After we emerged from the Ibera swamps we headed for San Ignacio, a small town close to a number of old Jesuit mission ruins. The Jesuits set up a number of large missions in the Paraguay-Argentina-Brazil jungle area, to eliminate the indigenous Guarani culture and way of life by turning them into good little Christians, in exchange for protecting them against the plantation owners who wanted to eliminate the indigenous culture and way of life by turning them into slaves. The first still being a lot more fun than the second thousands of Guarani moved to the missions. After some hundred years the Jesuits were kicked out by the Spanish crown, when they had become “too powerful”.
We explored the ruins in San Ignacio itself first, buildings made of red brick with some of the stone carvings and decorations still surviving. In the afternoon we got a taxi to take us to the nearby Loreta and Santa Ana ruins, joined by an Argentinian student with a talent for talking his way out of the entrance fee. These ruins were less restored, still overgrown and in places covered by strangler figs to remind a little of some of the Angkor ruins. Santa Ana had a graveyard which had been used again in the early 1900′s – bit of a spooky place with open and broken coffins lying around in crumbling cemetery ruins…big tree roots growing through the roofs. Thousands of big spiders and cicadas were filling the trees.
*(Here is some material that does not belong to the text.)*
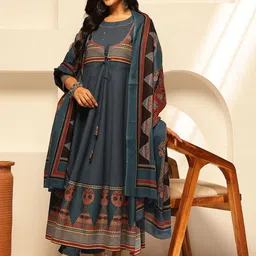 Vbuyz Geometric Printed Empire Sequinned Pure Cotton Anarkali Kurta With Trouser & Dupatta-picture-8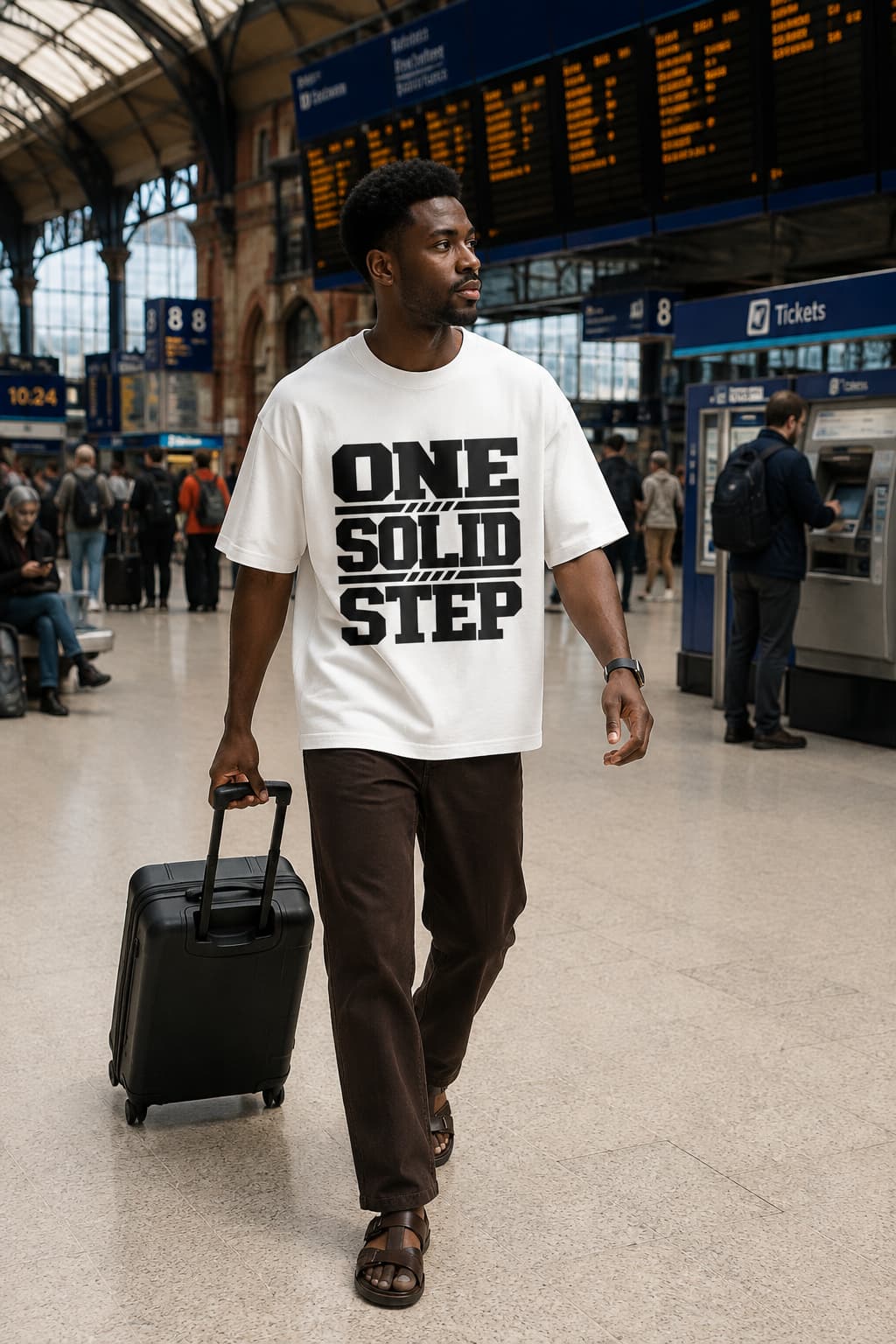 karavirs™ One Solid Step — White Oversized Tee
The next day we headed for Paraguay, to visit the Trinidad ruins on that side of the border. It took quite a number of buses to get there – beginning with one back again to Posadas, then three buses first to the border, across a several kilometer long bridge to the second border, then to the town Encarnacion on the Paraguayan side, then finally a bus to Trinidad. We entered the country legally this time, getting our passport stamped (unlike on our 5-minute sightseeing trip from Iguazu). The bus was crowded, India-style nearly. Encarnacion looks quite chaotic, partly flooded by red muddy water the day we passed through. The Trinidad ruins an hour north are much better preserved/restored than the ones on the Argentinian side – covering a big field with well tended lawns and lots of intact decorations and sculptures. The heat and strong sun as we walked around the ruins was brutal. Unfortunately once we arrived we didn’t have enough Paraguayan money for the tickets (we hadn’t found a proper changing place so had changed on the street..only as much as we thought we needed) – luckily they let us pay with Argentinian pesos instead.
On the way back we flagged a bus to Encarnacion from the road, then got another border-crossing bus but this time we got stuck on the long bridge. Crossing into Argentina seems more popular… We were standing up in the crowded bus now slowly turning into a sauna without the wind as we were hardly moving. Only gained maybe ten meters every few minutes, and I could feel drops of sweat running down my arms and legs. We could hop off and walk of course, but it would have been about 40 minutes to walk in either direction from the middle of the bridge, and we had ran out of water…nearly 40 degrees in the shade, of which there was none. Luckily the driver too was getting restless and eventually he got fed up enough to drive in the oncoming lane against traffic across the rest of the bridge.
We had a 20 hour bus to Salta, 1200km to the west, booked for the next evening. Had planned to pop back in to the San Ignacio ruins during the way, but the ticket, though valid for 15 days, allowed only one entrance… Saw some spectacular lightning in the evening from the bus to Salta – I was watching it for 40 minutes before I fell asleep and the sky never stayed dark for more than a second.